> INSTRUCTIONS FOR THE TASK
Drop the pictures from the entries below, then reproduce the rest exactly.

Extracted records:
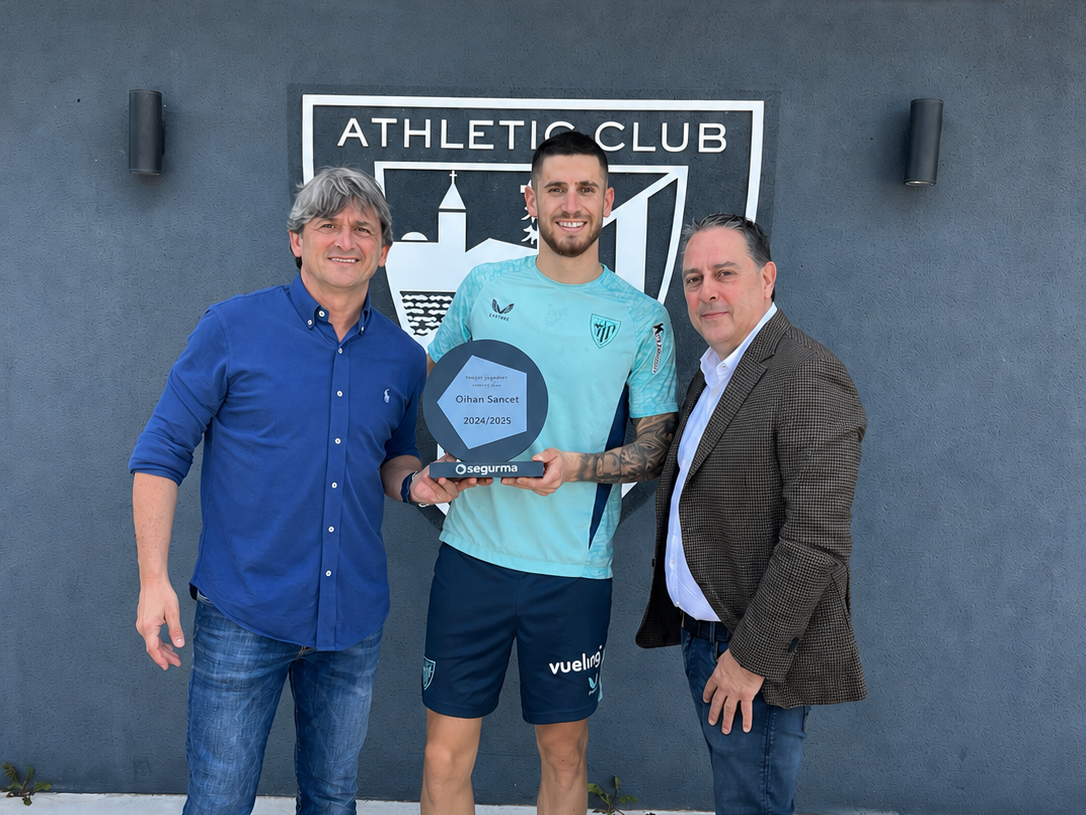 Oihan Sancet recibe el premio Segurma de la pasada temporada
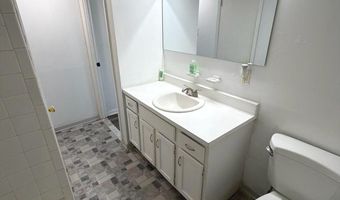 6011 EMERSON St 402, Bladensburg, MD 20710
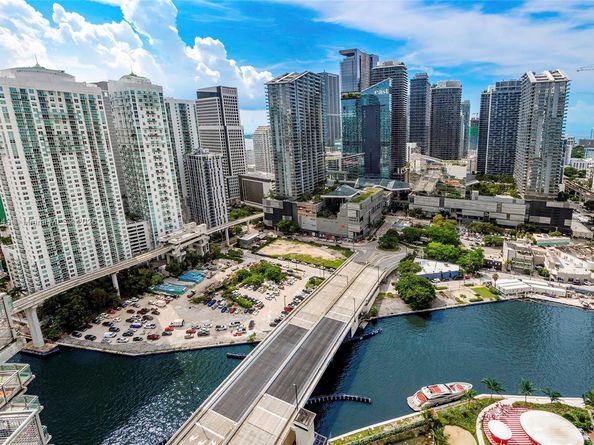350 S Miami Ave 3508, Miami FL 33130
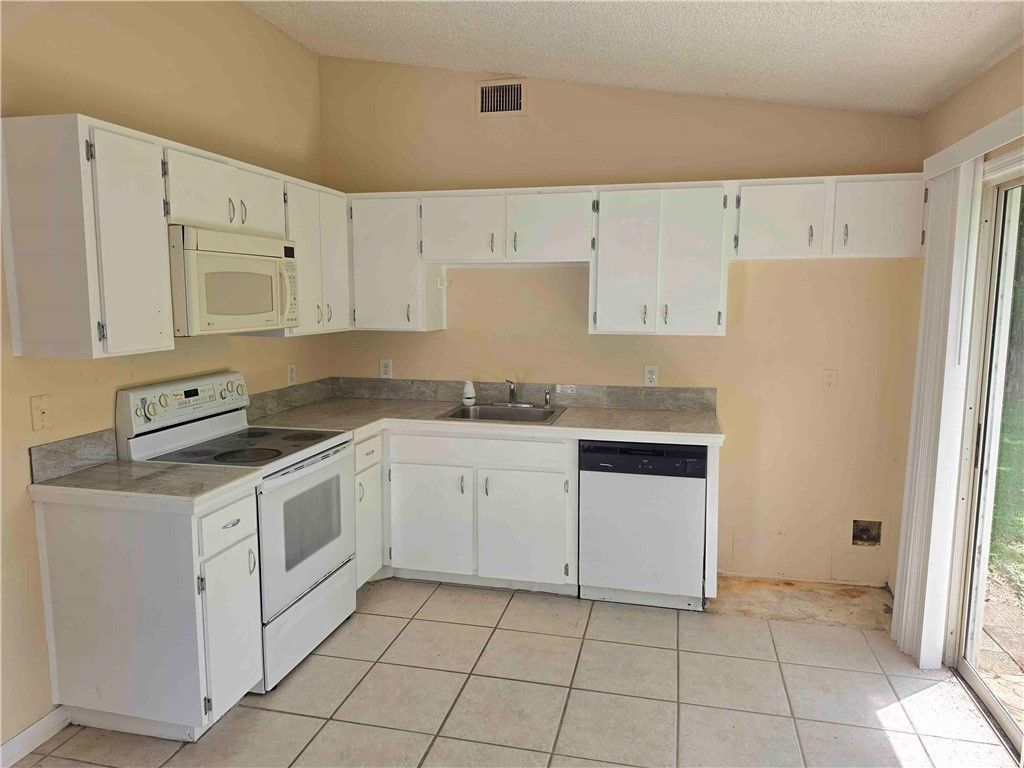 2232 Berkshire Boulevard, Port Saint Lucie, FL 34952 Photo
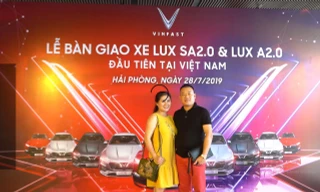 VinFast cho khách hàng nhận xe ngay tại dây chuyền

> RESPONSE BELOW
 Oihan Sancet recibe el premio Segurma de la pasada temporada
 6011 EMERSON St 402, Bladensburg, MD 20710
350 S Miami Ave 3508, Miami FL 33130
 2232 Berkshire Boulevard, Port Saint Lucie, FL 34952 Photo
 VinFast cho khách hàng nhận xe ngay tại dây chuyền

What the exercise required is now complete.